Palestinian leader of the As-Sa'iqa Ba'athist (1936 - 1979)

Zuheir Mohsen (زهير محسن; 1936 – 25 July 1979) was a Palestinian politician who was the leader of the Ba'athist As-Sa'iqa faction of the Palestine Liberation Organization (PLO) between 1971 and 1979.

Previously active in the Jordanian wing of the Ba'ath Party during the Jordanian rule of the West Bank, he was chosen for this position after defense minister Hafez al-Assad's 1969–70 takeover in Syria, which he had supported against the previously dominant government of Salah Jadid. Mohsen was also a member of the National Command of the Ba'ath Party.

==Early life and career==
Mohsen was born in Tulkarm, Mandatory Palestine, now in the northern West Bank, where his father was the mukhtar (head of the town). He became involved in political activity at a young age, joining the Ba'ath party at the age of 17. Mohsen trained as a teacher but lost his job in 1957 after being arrested for "subversive activity". He subsequently spent time in Qatar, from where he was eventually deported as a result of his political activity, before making his way to Damascus where he helped form as-Sa'iqa.
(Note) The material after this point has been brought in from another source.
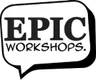 EPIC Workshops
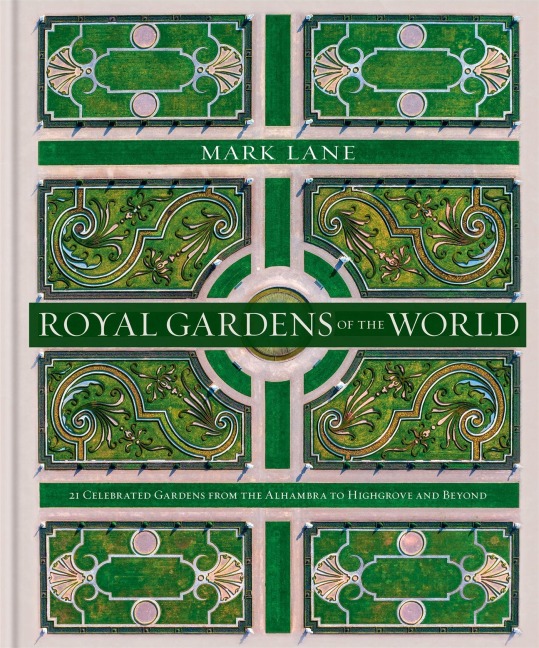 Royal Gardens of the World - Mark Lane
Mohsen rose to the position of heading as-Sa'iqa thanks to his close links to Assad, who after taking power in Syria purged the movement of its leftist elements (bringing it ideologically closer to Fatah) and appointed Mohsen as its general secretary.

Journalist Robert Fisk stated that As-Saiqa under Mohsen during the Lebanese Civil War employed its energies against the PLO, seeing in June 1976 "The PLO in open combat within West Beirut against As-Saiqa, who had attacked Arafat's forces on orders from Damascus"

==Political views ==
As a member of the As-Sa'iqa faction, Mohsen followed the line of Ba'athist ideology, which interpreted the question of Palestine through a pan-nationalist sense which contradicted the PLO's official stance and charter that affirmed the independent existence of Palestinian Arabs as a nation which belongs to a single democratic state that consists of all of former Mandatory Palestine.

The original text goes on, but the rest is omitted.